This study analyzes the tribological properties of stir-casted aluminum hybrid composite materials. Al6061 is reinforced with Fly ash, graphite, and magnesium particles to improve its strength and produce a lightweight composite. The present research outcomes are found to suffice the requirements of developing a high-performance hybrid aluminum composite, which can offer higher wear resistance and better performance capabilities. The compositions of matrix and reinforcement are mixed with different % reinforcement, making them superior to the bare Al 6061 alloy. The use of a statistical approach to validate the results and Taguchi’s optimization technique adopted for optimizing the factors of the wear test are unique. Also, the Analysis of Variance (ANOVA) carried out to develop a statistical model to predict the wear rate is a novel methodology for optimization studies aimed at minimizing the effects of wear on the composite developed. The study’s conclusions are intended to provide crucial new information for creating inexpensive, highly effective aluminum composites with various industrial uses.

Experimental detail

Material selection

Al6061 belongs to the 6000 series of aluminum alloys and is widely used due to its heat-treatable nature and versatile properties. It is an extruded composite with medium to high strength capabilities. Figure 1 displays the raw material Al6061 utilized for the current research work, while Table 1 showcases its chemical composition.

Figure 1.

(a) Al bar before cutting and (b) Al slab after cutting.

Table 1.

Composition of Al6061 alloy.³¹

Element	Silicon (Si)	Iron (Fe)	Copper (Cu)	Manganese (Mn)	Magnesium (Mg)	Chromium (Cr)	Zinc (Zn)	Titanium (Ti)
Content	0.62	0.45	0.20	0.08	1.05	0.09	0.03	0.07

Reinforcement materials

For any composite material, the resultant properties are based on the filler material. The selection of filler material is the min criterion in any composite material because all the optimum results are associated with the selection and distribution of filler material. The present work selects fly ash (Figure 2(c); Table 2) as filler material. Increasing the bonding between the matrix and filler material is essential for any composite. So, magnesium powder (Figure 2(a)) is added to increase wettability, and graphite (Figure 2(b)) is used as a solid lubricant. The particle size is determined using a particle size analyzer. After two trials, the fly ash particles’ average size was 61.9 and 62.4 μm, respectively. Taking the mean of both readings, the particle size was determined to be 62.15 μm.

Figure 2.

(a) Magnesium powder, (b) graphite, and (c) fly ash.

Table 2.

Chemical composition of fly ash [lignite-based power plant, Bikaner, Rajasthan].

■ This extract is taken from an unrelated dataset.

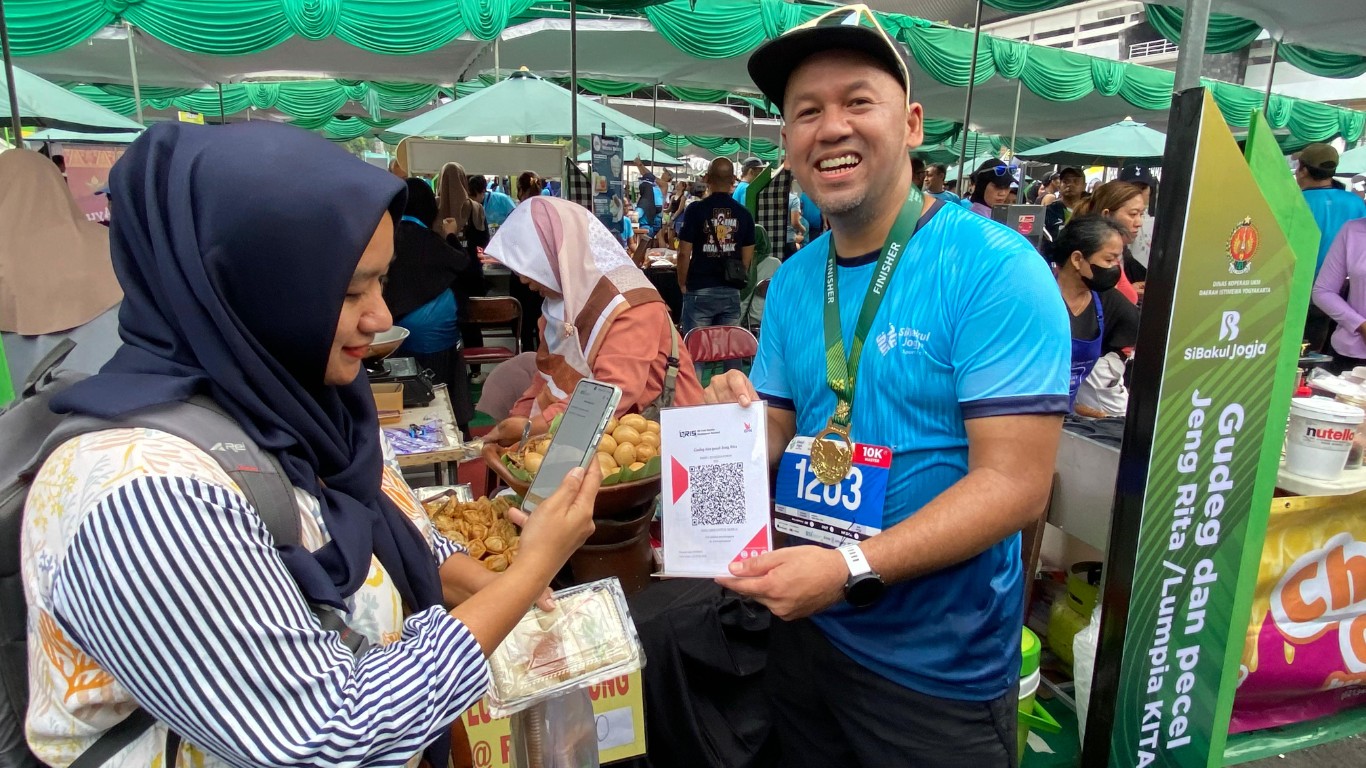 Direktur Finance & Strategy BSI Ade Cahyo Nugroho (kanan) saat melayani translaksi pembayaran QRIS pengunjung pada gelaran acara Sibakul Jogja Sport Fest 2024 di salah satu tenant UMKM yang berlokasi di Stadion Mandala Krida DIY, Minggu (1/9).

Element	SiO₂	Fe₂O₃	Al₂O₃	CaO	MgO	SO₃
Composition	44.16%	7.56%	36.65%	5.29%	3.04%	1.28%

Fabrication of AMMCs

In this study, Al6061 alloy composites were reinforced with a fixed amount of 3wt% graphite and varying amounts of fly ash (0%, 2%, 4%, 6%, and 8% by weight) using stir casting. Bars of Al6061 were cut into small pieces and weighed as needed before being melted in a graphite crucible in a casting furnace at 750°C. A pre-measured amount of fly ash and graphite (3wt.% fixed) was added to the slurry, along with a small amount of magnesium (2wt.%) to improve wettability. The mixture was stirred for 5 min to ensure even distribution before being poured into a mold for solidification. This process was repeated with different compositions of additives, resulting in composites with base material and reinforced materials, as shown in Table 3.³²

Table 3.

Compositions of matrix and reinforcement in percentage.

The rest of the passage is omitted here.